To all this we can add the fact that Christian Science promises both health and wealth. The desire of health is a great psychological force. The vendors of patent medicines are quite aware of this. Their very advertisements suggest the disease in many cases, whilst their promises secure the sales. The Christian advice to bear sufferings for the love of God, and sanctify them by uniting them with the sufferings of Christ, has little appeal for superficial and selfish people. For such as these, a hearty cheerful religion which solves the problem by saying that there will be no problem if you deny it strongly to yourself, appears like a ray of new light and hope. So people try it, and keep on trying it, spurred on by that which has become their greatest good, their welfare in this world, until the grave claims them, as it does the rest of men. As for wealth, for Mrs. Eddy poverty is as much an error as sin or sickness. It, too, according to her, can be cured by right thinking. And she did not hesitate to advertise the first edition of Science and Health as a book that "affords an opportunity to acquire a profession by which you can accumulate a fortune."

All these factors, and many others, can account for the appeal of Christian Science, without any need whatever of admitting it to be based upon a divine revelation to Mrs. Eddy. On the other hand, almost everything in it forbids such acceptance of it.

57. It is easy to offer destructive criticism. But have you anything constructive to offer to those who genuinely seek truth?

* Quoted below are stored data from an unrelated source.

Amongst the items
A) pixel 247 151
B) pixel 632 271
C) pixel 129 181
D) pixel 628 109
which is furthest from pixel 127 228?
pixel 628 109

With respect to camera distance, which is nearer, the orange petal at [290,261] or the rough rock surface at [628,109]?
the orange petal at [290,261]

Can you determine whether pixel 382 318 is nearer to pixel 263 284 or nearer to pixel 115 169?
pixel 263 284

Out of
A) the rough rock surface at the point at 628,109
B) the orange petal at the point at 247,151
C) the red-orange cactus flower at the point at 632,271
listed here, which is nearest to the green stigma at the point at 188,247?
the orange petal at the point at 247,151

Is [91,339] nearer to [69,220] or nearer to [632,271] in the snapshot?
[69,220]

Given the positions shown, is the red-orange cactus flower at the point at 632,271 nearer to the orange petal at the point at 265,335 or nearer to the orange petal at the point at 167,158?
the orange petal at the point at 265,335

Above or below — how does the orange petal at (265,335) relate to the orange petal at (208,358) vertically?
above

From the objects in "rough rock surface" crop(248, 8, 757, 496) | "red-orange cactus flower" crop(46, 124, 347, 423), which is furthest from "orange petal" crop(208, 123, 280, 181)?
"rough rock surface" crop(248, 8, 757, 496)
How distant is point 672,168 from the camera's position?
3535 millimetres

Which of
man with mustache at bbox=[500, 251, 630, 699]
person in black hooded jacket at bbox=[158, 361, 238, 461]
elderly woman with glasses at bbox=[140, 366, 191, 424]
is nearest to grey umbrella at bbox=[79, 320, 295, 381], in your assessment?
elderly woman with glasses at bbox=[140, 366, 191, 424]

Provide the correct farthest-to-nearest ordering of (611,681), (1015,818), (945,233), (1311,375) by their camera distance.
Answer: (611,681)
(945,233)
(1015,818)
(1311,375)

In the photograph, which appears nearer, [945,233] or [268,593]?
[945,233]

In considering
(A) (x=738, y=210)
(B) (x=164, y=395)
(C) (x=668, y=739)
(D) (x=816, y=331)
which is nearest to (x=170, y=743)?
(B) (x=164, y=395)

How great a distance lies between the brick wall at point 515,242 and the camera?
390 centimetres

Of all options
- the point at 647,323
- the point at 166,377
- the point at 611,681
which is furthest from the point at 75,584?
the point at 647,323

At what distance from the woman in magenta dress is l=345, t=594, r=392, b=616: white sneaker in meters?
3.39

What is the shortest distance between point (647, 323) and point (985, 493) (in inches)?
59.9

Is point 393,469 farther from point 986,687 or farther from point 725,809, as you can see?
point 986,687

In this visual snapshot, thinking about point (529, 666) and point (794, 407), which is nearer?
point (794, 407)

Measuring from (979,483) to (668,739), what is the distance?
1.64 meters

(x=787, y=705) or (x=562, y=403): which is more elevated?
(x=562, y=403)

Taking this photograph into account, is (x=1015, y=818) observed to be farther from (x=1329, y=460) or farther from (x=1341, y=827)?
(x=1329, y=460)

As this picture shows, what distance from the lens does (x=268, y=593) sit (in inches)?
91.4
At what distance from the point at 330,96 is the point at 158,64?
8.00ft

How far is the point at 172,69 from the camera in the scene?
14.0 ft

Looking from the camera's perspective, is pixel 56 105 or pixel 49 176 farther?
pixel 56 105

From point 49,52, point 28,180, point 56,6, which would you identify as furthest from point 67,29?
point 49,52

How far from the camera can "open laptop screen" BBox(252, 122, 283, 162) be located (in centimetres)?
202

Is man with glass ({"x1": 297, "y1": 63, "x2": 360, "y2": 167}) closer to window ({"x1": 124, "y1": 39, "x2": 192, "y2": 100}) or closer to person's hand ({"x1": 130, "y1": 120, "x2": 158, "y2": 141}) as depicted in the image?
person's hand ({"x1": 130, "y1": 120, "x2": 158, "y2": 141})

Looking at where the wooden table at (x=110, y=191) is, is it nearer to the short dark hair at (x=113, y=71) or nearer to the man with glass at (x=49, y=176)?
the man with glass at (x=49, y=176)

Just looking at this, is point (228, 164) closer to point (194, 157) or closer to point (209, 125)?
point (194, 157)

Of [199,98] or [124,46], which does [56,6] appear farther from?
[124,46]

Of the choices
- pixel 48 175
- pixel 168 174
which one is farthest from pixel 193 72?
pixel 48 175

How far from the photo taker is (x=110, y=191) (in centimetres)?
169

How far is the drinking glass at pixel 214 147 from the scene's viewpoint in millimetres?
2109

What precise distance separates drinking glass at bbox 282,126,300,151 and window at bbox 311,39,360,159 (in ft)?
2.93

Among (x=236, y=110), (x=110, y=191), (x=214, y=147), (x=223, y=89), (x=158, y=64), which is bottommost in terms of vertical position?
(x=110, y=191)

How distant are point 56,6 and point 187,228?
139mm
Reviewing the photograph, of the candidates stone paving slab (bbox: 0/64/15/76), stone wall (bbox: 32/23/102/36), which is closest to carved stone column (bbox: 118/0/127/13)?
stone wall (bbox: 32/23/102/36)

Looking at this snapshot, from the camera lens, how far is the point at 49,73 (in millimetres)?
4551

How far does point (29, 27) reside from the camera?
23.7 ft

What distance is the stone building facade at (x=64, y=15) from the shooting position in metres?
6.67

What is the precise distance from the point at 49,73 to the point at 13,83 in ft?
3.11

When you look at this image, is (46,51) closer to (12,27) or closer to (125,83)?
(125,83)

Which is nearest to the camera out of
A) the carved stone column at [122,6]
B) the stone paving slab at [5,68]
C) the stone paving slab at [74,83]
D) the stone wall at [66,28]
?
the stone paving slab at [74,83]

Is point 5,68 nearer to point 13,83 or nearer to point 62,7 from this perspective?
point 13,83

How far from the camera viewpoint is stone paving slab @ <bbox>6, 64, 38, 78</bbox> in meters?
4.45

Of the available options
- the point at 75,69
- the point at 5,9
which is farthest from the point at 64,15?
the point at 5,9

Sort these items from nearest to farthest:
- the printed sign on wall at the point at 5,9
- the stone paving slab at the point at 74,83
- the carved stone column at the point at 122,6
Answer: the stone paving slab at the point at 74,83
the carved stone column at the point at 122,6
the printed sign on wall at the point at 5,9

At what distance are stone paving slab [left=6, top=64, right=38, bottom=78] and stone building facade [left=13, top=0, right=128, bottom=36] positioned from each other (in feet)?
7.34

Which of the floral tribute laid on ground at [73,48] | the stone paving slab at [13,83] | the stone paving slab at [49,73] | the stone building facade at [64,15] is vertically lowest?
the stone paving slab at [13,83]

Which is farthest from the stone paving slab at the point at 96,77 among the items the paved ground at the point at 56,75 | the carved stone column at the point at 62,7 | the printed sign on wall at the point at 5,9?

Undoubtedly. Not only as opposed to Christian Science, but in contrast with all other religions, the Catholic Faith stands out as infinitely radiant and glorious. The Christ, the Son of God, founded the Catholic Church. Her lofty doctrines transcend the powers of any merely human mind, responding to all the legitimate aspirations of the human heart. Never has it been shown, never can it be shown, that any single dogma of the Catholic Faith conflicts with either right reason, or with scientific facts. The miracles of Christ, and the continued miracles in the Catholic Church, as well as the miracle of the Catholic Church herself, not only in her character, but in her very existence, are an absolute guarantee that she is of God. Her teachings, put into practice, result in holiness for the individual, and the blessing of society. And in clinging to her, we know that we shall share in her own undying immortality, finding the solution of all problems when her Divine Founder shall claim us finally as His own, to share with Him forever in the Light, and Glory, and Happiness of the Presence of God.